Records shown »
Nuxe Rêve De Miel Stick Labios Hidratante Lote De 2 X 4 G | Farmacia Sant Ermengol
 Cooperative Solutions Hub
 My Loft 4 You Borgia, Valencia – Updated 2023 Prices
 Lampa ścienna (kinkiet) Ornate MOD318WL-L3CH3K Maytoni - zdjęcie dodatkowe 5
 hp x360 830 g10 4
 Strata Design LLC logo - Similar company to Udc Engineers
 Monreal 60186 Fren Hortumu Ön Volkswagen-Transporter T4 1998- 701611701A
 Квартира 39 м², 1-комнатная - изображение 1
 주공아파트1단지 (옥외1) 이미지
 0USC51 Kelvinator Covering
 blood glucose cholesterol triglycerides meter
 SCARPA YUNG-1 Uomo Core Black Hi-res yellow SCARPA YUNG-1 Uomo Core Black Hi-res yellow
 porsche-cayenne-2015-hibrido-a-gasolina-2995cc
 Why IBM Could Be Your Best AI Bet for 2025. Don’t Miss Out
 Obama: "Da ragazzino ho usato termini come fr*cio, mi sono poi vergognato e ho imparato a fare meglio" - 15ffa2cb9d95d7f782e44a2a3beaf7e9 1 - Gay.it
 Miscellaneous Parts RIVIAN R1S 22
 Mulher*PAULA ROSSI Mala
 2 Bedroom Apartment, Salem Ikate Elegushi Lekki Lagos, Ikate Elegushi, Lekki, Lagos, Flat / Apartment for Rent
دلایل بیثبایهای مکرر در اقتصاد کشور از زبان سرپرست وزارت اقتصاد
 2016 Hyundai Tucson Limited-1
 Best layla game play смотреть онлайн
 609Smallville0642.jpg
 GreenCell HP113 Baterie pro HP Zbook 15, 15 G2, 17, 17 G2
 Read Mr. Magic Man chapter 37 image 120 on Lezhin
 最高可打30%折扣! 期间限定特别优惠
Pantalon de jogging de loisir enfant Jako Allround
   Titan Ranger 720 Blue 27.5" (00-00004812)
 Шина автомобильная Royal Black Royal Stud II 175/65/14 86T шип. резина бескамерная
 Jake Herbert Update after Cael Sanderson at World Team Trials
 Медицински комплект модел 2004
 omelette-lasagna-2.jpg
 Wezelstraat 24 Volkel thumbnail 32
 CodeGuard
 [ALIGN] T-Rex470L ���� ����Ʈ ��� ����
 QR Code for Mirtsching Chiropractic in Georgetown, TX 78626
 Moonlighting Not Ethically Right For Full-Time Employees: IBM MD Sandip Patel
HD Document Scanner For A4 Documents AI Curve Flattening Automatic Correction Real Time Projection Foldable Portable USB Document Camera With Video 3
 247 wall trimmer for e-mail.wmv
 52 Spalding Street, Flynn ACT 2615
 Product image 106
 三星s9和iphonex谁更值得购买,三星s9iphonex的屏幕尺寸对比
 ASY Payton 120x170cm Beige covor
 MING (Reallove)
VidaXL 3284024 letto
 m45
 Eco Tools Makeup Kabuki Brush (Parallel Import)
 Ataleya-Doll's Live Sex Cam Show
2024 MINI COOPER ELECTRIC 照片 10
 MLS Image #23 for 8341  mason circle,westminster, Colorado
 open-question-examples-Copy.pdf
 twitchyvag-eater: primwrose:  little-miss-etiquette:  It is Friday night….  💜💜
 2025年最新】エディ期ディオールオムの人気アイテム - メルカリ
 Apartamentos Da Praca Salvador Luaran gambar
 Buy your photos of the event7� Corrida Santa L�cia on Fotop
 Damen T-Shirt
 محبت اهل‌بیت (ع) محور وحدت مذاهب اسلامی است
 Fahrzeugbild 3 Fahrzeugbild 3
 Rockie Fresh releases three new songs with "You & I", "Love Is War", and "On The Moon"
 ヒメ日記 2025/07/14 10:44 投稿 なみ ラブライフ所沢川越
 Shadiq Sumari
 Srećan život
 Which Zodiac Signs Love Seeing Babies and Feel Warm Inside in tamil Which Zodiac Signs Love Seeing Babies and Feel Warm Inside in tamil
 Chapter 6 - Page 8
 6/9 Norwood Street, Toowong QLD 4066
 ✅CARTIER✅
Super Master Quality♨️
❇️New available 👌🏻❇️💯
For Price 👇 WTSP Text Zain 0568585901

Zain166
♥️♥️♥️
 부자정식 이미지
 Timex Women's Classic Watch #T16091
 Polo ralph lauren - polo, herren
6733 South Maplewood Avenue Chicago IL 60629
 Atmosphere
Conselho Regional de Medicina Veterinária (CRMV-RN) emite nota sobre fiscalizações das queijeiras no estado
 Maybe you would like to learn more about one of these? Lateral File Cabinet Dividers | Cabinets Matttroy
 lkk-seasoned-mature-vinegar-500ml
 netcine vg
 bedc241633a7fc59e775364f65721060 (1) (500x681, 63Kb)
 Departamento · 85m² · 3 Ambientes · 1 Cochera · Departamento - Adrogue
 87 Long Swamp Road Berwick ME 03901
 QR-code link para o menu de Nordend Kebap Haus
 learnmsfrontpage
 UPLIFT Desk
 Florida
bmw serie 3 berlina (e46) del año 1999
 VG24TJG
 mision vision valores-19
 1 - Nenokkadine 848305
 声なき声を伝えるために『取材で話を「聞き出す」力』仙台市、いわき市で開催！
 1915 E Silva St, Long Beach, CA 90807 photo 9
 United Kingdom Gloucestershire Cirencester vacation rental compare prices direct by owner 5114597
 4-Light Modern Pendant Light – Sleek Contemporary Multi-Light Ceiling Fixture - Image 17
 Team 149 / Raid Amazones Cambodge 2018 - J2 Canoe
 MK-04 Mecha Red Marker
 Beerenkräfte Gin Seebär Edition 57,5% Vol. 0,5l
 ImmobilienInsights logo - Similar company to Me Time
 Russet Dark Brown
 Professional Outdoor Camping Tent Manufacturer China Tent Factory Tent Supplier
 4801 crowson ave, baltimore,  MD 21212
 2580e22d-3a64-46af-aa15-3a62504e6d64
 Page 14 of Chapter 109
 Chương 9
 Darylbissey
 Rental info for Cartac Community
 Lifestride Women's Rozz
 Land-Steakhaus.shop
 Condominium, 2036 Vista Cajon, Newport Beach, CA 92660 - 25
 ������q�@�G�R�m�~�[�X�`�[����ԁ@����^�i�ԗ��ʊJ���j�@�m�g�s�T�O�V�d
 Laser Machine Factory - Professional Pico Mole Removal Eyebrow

Required work »
Write out the material again, matching every line.

Response below »
Nuxe Rêve De Miel Stick Labios Hidratante Lote De 2 X 4 G | Farmacia Sant Ermengol
 Cooperative Solutions Hub
 My Loft 4 You Borgia, Valencia – Updated 2023 Prices
 Lampa ścienna (kinkiet) Ornate MOD318WL-L3CH3K Maytoni - zdjęcie dodatkowe 5
 hp x360 830 g10 4
 Strata Design LLC logo - Similar company to Udc Engineers
 Monreal 60186 Fren Hortumu Ön Volkswagen-Transporter T4 1998- 701611701A
 Квартира 39 м², 1-комнатная - изображение 1
 주공아파트1단지 (옥외1) 이미지
 0USC51 Kelvinator Covering
 blood glucose cholesterol triglycerides meter
 SCARPA YUNG-1 Uomo Core Black Hi-res yellow SCARPA YUNG-1 Uomo Core Black Hi-res yellow
 porsche-cayenne-2015-hibrido-a-gasolina-2995cc
 Why IBM Could Be Your Best AI Bet for 2025. Don’t Miss Out
 Obama: "Da ragazzino ho usato termini come fr*cio, mi sono poi vergognato e ho imparato a fare meglio" - 15ffa2cb9d95d7f782e44a2a3beaf7e9 1 - Gay.it
 Miscellaneous Parts RIVIAN R1S 22
 Mulher*PAULA ROSSI Mala
 2 Bedroom Apartment, Salem Ikate Elegushi Lekki Lagos, Ikate Elegushi, Lekki, Lagos, Flat / Apartment for Rent
دلایل بیثبایهای مکرر در اقتصاد کشور از زبان سرپرست وزارت اقتصاد
 2016 Hyundai Tucson Limited-1
 Best layla game play смотреть онлайн
 609Smallville0642.jpg
 GreenCell HP113 Baterie pro HP Zbook 15, 15 G2, 17, 17 G2
 Read Mr. Magic Man chapter 37 image 120 on Lezhin
 最高可打30%折扣! 期间限定特别优惠
Pantalon de jogging de loisir enfant Jako Allround
   Titan Ranger 720 Blue 27.5" (00-00004812)
 Шина автомобильная Royal Black Royal Stud II 175/65/14 86T шип. резина бескамерная
 Jake Herbert Update after Cael Sanderson at World Team Trials
 Медицински комплект модел 2004
 omelette-lasagna-2.jpg
 Wezelstraat 24 Volkel thumbnail 32
 CodeGuard
 [ALIGN] T-Rex470L ���� ����Ʈ ��� ����
 QR Code for Mirtsching Chiropractic in Georgetown, TX 78626
 Moonlighting Not Ethically Right For Full-Time Employees: IBM MD Sandip Patel
HD Document Scanner For A4 Documents AI Curve Flattening Automatic Correction Real Time Projection Foldable Portable USB Document Camera With Video 3
 247 wall trimmer for e-mail.wmv
 52 Spalding Street, Flynn ACT 2615
 Product image 106
 三星s9和iphonex谁更值得购买,三星s9iphonex的屏幕尺寸对比
 ASY Payton 120x170cm Beige covor
 MING (Reallove)
VidaXL 3284024 letto
 m45
 Eco Tools Makeup Kabuki Brush (Parallel Import)
 Ataleya-Doll's Live Sex Cam Show
2024 MINI COOPER ELECTRIC 照片 10
 MLS Image #23 for 8341  mason circle,westminster, Colorado
 open-question-examples-Copy.pdf
 twitchyvag-eater: primwrose:  little-miss-etiquette:  It is Friday night….  💜💜
 2025年最新】エディ期ディオールオムの人気アイテム - メルカリ
 Apartamentos Da Praca Salvador Luaran gambar
 Buy your photos of the event7� Corrida Santa L�cia on Fotop
 Damen T-Shirt
 محبت اهل‌بیت (ع) محور وحدت مذاهب اسلامی است
 Fahrzeugbild 3 Fahrzeugbild 3
 Rockie Fresh releases three new songs with "You & I", "Love Is War", and "On The Moon"
 ヒメ日記 2025/07/14 10:44 投稿 なみ ラブライフ所沢川越
 Shadiq Sumari
 Srećan život
 Which Zodiac Signs Love Seeing Babies and Feel Warm Inside in tamil Which Zodiac Signs Love Seeing Babies and Feel Warm Inside in tamil
 Chapter 6 - Page 8
 6/9 Norwood Street, Toowong QLD 4066
 ✅CARTIER✅
Super Master Quality♨️
❇️New available 👌🏻❇️💯
For Price 👇 WTSP Text Zain 0568585901

Zain166
♥️♥️♥️
 부자정식 이미지
 Timex Women's Classic Watch #T16091
 Polo ralph lauren - polo, herren
6733 South Maplewood Avenue Chicago IL 60629
 Atmosphere
Conselho Regional de Medicina Veterinária (CRMV-RN) emite nota sobre fiscalizações das queijeiras no estado
 Maybe you would like to learn more about one of these? Lateral File Cabinet Dividers | Cabinets Matttroy
 lkk-seasoned-mature-vinegar-500ml
 netcine vg
 bedc241633a7fc59e775364f65721060 (1) (500x681, 63Kb)
 Departamento · 85m² · 3 Ambientes · 1 Cochera · Departamento - Adrogue
 87 Long Swamp Road Berwick ME 03901
 QR-code link para o menu de Nordend Kebap Haus
 learnmsfrontpage
 UPLIFT Desk
 Florida
bmw serie 3 berlina (e46) del año 1999
 VG24TJG
 mision vision valores-19
 1 - Nenokkadine 848305
 声なき声を伝えるために『取材で話を「聞き出す」力』仙台市、いわき市で開催！
 1915 E Silva St, Long Beach, CA 90807 photo 9
 United Kingdom Gloucestershire Cirencester vacation rental compare prices direct by owner 5114597
 4-Light Modern Pendant Light – Sleek Contemporary Multi-Light Ceiling Fixture - Image 17
 Team 149 / Raid Amazones Cambodge 2018 - J2 Canoe
 MK-04 Mecha Red Marker
 Beerenkräfte Gin Seebär Edition 57,5% Vol. 0,5l
 ImmobilienInsights logo - Similar company to Me Time
 Russet Dark Brown
 Professional Outdoor Camping Tent Manufacturer China Tent Factory Tent Supplier
 4801 crowson ave, baltimore,  MD 21212
 2580e22d-3a64-46af-aa15-3a62504e6d64
 Page 14 of Chapter 109
 Chương 9
 Darylbissey
 Rental info for Cartac Community
 Lifestride Women's Rozz
 Land-Steakhaus.shop
 Condominium, 2036 Vista Cajon, Newport Beach, CA 92660 - 25
 ������q�@�G�R�m�~�[�X�`�[����ԁ@����^�i�ԗ��ʊJ���j�@�m�g�s�T�O�V�d
 Laser Machine Factory - Professional Pico Mole Removal Eyebrow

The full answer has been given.